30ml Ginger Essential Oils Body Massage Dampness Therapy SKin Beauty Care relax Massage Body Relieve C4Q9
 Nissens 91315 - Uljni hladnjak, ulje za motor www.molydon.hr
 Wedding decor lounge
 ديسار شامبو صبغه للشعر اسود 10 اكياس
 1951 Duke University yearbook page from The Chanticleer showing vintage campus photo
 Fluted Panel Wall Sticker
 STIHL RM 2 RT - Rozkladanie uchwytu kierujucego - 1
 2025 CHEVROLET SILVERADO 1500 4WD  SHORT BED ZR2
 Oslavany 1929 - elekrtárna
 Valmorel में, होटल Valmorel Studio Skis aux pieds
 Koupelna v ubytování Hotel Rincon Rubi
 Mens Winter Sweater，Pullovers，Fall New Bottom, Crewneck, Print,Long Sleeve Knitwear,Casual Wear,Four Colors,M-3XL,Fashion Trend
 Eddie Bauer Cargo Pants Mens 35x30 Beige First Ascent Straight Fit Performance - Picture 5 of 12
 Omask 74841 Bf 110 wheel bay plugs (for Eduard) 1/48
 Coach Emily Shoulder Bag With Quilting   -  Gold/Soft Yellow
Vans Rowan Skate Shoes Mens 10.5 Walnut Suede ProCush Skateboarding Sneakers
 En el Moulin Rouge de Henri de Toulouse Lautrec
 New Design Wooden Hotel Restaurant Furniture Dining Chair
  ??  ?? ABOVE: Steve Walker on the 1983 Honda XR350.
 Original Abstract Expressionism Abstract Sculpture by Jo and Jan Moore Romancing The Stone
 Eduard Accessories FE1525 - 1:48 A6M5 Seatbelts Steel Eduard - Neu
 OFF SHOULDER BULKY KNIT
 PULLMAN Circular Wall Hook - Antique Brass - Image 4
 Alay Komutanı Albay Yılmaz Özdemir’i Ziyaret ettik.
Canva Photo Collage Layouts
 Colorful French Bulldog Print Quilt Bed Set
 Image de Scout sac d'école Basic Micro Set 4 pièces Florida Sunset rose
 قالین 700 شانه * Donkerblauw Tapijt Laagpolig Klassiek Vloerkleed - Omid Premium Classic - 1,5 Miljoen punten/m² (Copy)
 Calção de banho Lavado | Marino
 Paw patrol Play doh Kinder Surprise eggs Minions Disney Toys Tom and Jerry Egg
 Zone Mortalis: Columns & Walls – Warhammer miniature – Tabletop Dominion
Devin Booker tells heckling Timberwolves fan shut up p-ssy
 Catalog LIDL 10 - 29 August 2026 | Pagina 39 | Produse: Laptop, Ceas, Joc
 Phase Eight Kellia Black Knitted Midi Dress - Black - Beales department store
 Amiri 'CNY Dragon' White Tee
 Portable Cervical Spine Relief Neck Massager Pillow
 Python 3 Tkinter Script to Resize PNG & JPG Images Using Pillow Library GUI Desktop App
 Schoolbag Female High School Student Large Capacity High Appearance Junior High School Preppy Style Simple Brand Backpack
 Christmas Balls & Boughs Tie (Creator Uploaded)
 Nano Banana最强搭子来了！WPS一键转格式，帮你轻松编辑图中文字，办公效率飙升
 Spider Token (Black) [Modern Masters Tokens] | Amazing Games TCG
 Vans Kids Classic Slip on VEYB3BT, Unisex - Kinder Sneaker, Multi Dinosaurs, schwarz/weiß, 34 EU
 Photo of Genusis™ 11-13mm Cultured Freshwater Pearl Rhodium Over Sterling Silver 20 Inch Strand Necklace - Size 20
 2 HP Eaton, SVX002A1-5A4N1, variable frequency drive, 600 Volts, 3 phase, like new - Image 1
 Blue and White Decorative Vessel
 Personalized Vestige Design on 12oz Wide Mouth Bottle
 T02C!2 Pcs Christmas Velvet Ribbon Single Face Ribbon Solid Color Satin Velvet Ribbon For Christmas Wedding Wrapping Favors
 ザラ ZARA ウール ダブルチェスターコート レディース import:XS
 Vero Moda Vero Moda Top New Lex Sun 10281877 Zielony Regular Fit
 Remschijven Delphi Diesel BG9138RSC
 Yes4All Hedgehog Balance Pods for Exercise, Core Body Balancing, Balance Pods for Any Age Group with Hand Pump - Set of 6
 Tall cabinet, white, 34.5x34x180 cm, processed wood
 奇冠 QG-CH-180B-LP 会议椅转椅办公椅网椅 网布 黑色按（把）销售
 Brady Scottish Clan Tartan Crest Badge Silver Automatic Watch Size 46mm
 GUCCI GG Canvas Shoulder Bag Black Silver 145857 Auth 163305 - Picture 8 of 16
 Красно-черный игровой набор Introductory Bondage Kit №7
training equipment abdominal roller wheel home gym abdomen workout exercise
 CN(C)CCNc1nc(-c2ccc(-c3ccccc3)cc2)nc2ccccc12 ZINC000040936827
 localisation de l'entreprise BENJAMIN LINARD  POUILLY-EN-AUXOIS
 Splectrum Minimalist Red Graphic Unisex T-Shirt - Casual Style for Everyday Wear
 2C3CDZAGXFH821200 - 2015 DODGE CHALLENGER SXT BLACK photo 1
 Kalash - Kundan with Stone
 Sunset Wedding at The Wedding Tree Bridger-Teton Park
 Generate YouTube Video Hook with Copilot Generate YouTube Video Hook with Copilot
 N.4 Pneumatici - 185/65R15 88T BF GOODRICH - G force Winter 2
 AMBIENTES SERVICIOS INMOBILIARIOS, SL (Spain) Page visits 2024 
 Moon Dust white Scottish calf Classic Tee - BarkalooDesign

§ What to work on: Retype exactly the span of lines from the one with "training equipment abdominal" through the one with "N.4 Pneumatici - 185/65R15"; include both ends and omit the rest of the material.

§ Completed exercise:
training equipment abdominal roller wheel home gym abdomen workout exercise
 CN(C)CCNc1nc(-c2ccc(-c3ccccc3)cc2)nc2ccccc12 ZINC000040936827
 localisation de l'entreprise BENJAMIN LINARD  POUILLY-EN-AUXOIS
 Splectrum Minimalist Red Graphic Unisex T-Shirt - Casual Style for Everyday Wear
 2C3CDZAGXFH821200 - 2015 DODGE CHALLENGER SXT BLACK photo 1
 Kalash - Kundan with Stone
 Sunset Wedding at The Wedding Tree Bridger-Teton Park
 Generate YouTube Video Hook with Copilot Generate YouTube Video Hook with Copilot
 N.4 Pneumatici - 185/65R15 88T BF GOODRICH - G force Winter 2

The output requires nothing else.